Friday, October 10, 2014

You're Next

Directed by Adam Wingard.
2011. Rated R, 95 minutes.
Sharni Vinson
Nicholas Tucci
Wendy Glenn
A. J. Bowen
Joe Swanberg
Barbara Crampton
Rob Moran
Ti West

Some families can never sit down together and have a peaceful dinner. This is true for the Davison family. However, things are taken to a whole new level when arrows start flying in through the windows, killing one party guest. Yup, their already dysfunctional bunch is under siege by strangers outside the house . Of course, these strangers don't remain outside for long. While they're coming in, the Davisons are trying to get out. By the way, it's not just the Davisons. There's mom Aubrey (Crampton) and dad Paul (Moran), who own this beautiful home. Presumably, they are in their sixties. I'm judging by conversations that place the older kids near forty, if not beyond that age. If I went by mama's looks, I'd say she couldn't be their mother. Maybe she's a hot, milfy, slightly older sister. Yeah, I said that. Either roll your eyes or agree. Anyhoo, their three sons have all brought their girlfriends and their daughter has brought her boyfriend. In other words, we're nicely set up for a sizable body count. Oh, if you somehow didn't know this, the house is pretty secluded. The one neighbor and his barely legal girlfriend are in the movie for less time than Omar Epps and Jada Pinkett-Smith were in Scream 2. Their part of the story just doesn't unfold in public, the way that one did. They're also far less interesting, too. With them out of the way, home invasion madness ensues.
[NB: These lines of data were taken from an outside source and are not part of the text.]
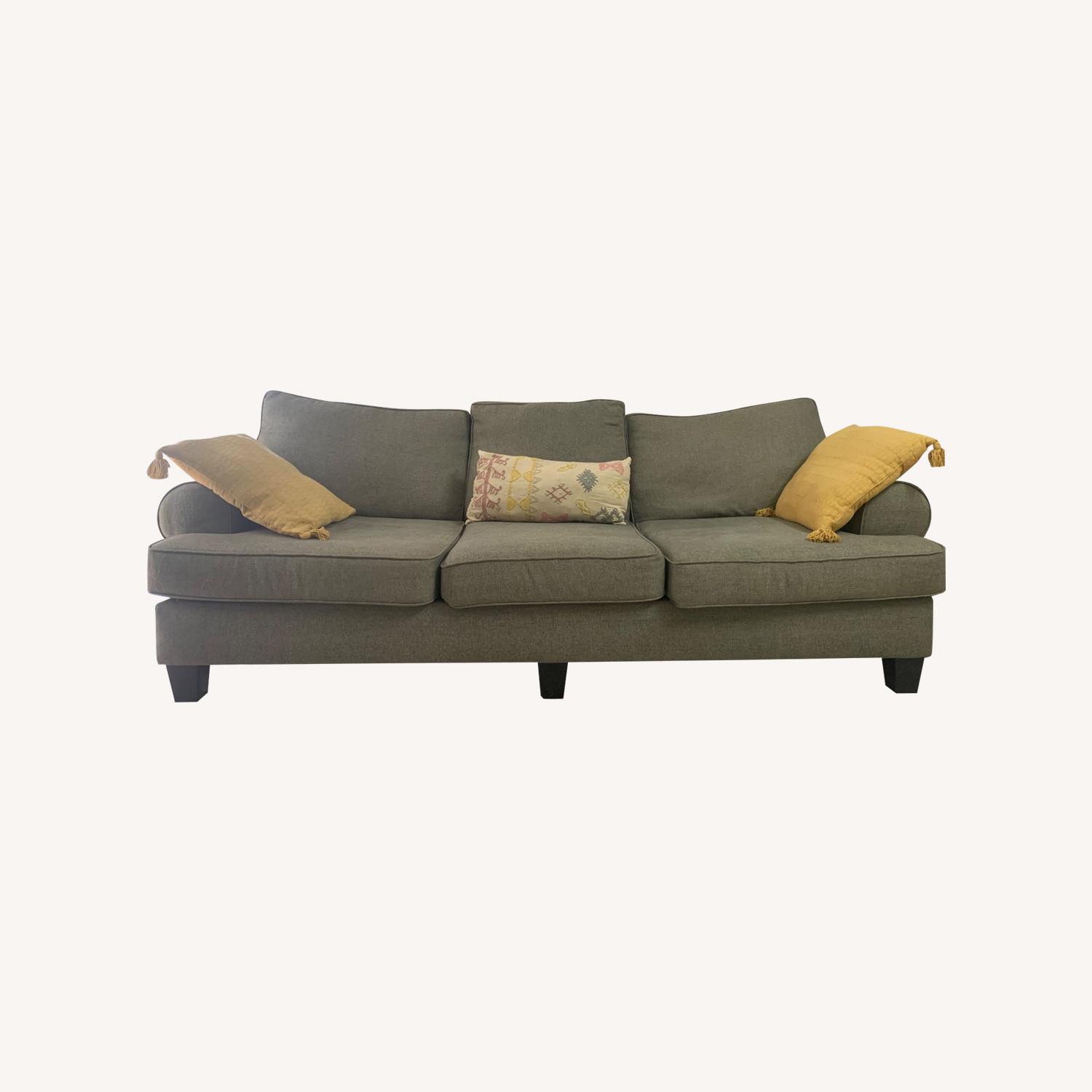 3 Seater Gray Fabric Sofa - image-0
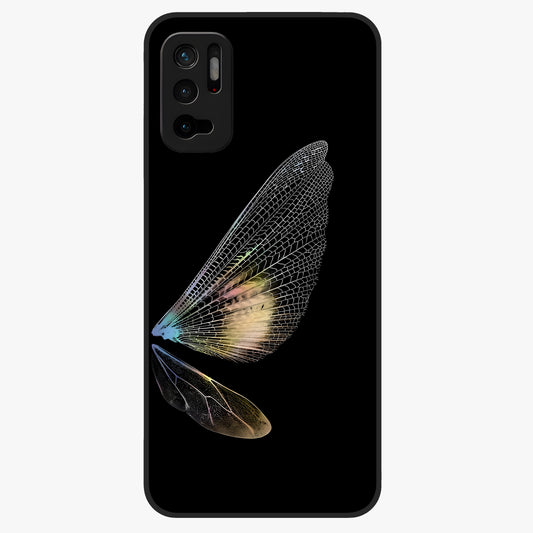 Whispers Of Wings Glass Case showing flat back view with graceful wing inspired artwork and glossy glass finish.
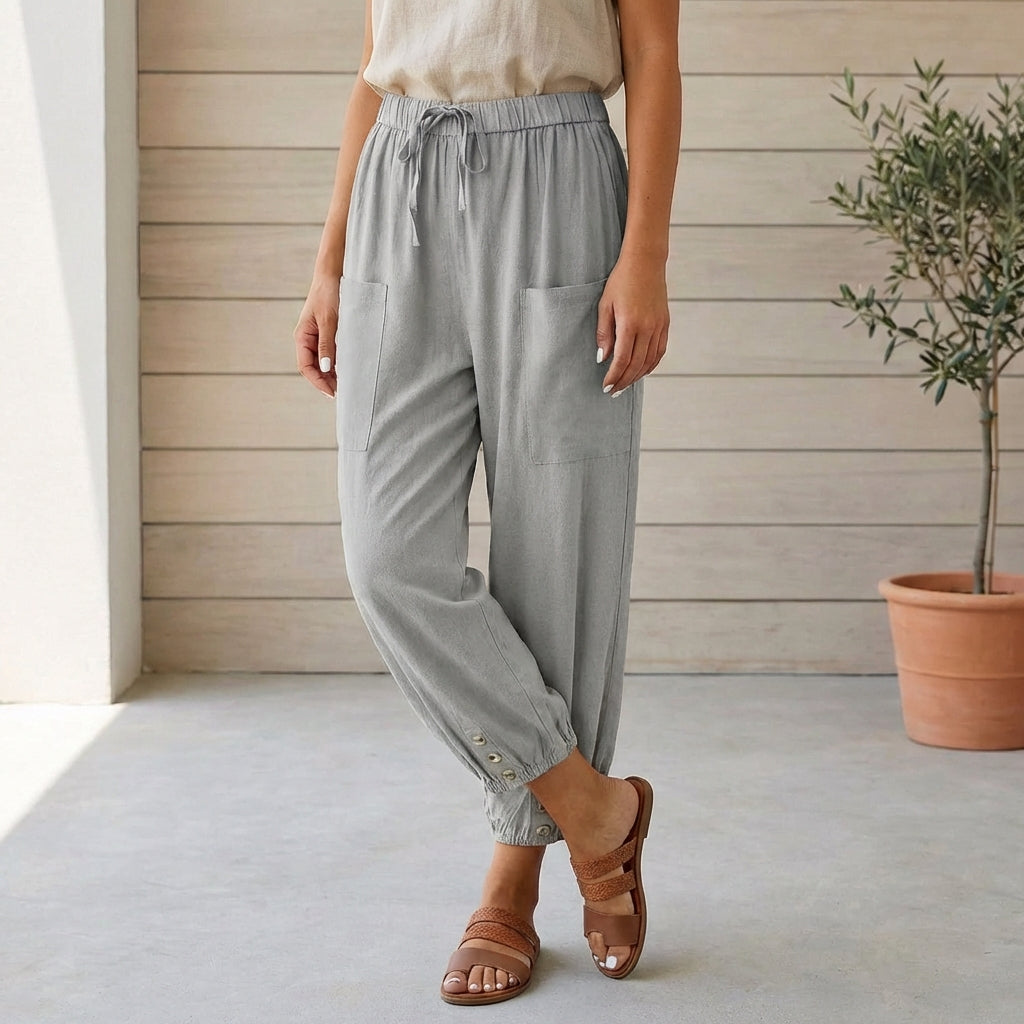 Hoch taillierte Relaxed-Cropped-Hose mit gerafften Knöcheln aus Leinen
You're Next actually mixes its horror sub-genres. While home invasion is the dominant theme, it makes plenty of use of slasher flick tropes. For a long time, our intruders don't seem to want anything other than to kill the occupants of the house in what turns out to be "one by one" fashion. We also get a "final girl" out of the deal. I won't completely spoil it, but you'll probably figure out who that is rather quickly. She'll be the one kicking bad guy ass. And she does it in gloriously gruesome style.

Speaking of gruesome, one of the draws of the movie is its gore. This isn't some deep, psychological horror pulling our most submerged fears to the surface. This is a study in how much damage can be done to the human body using whatever you can find around the house. Amazingly, this includes a blender. No screwing around with atmosphere, here. It's all about the blood and guts. At this, the movie does a very nice job. A number of scenes induce a wince or two from the viewer. The most memorable of them includes that aforementioned blender.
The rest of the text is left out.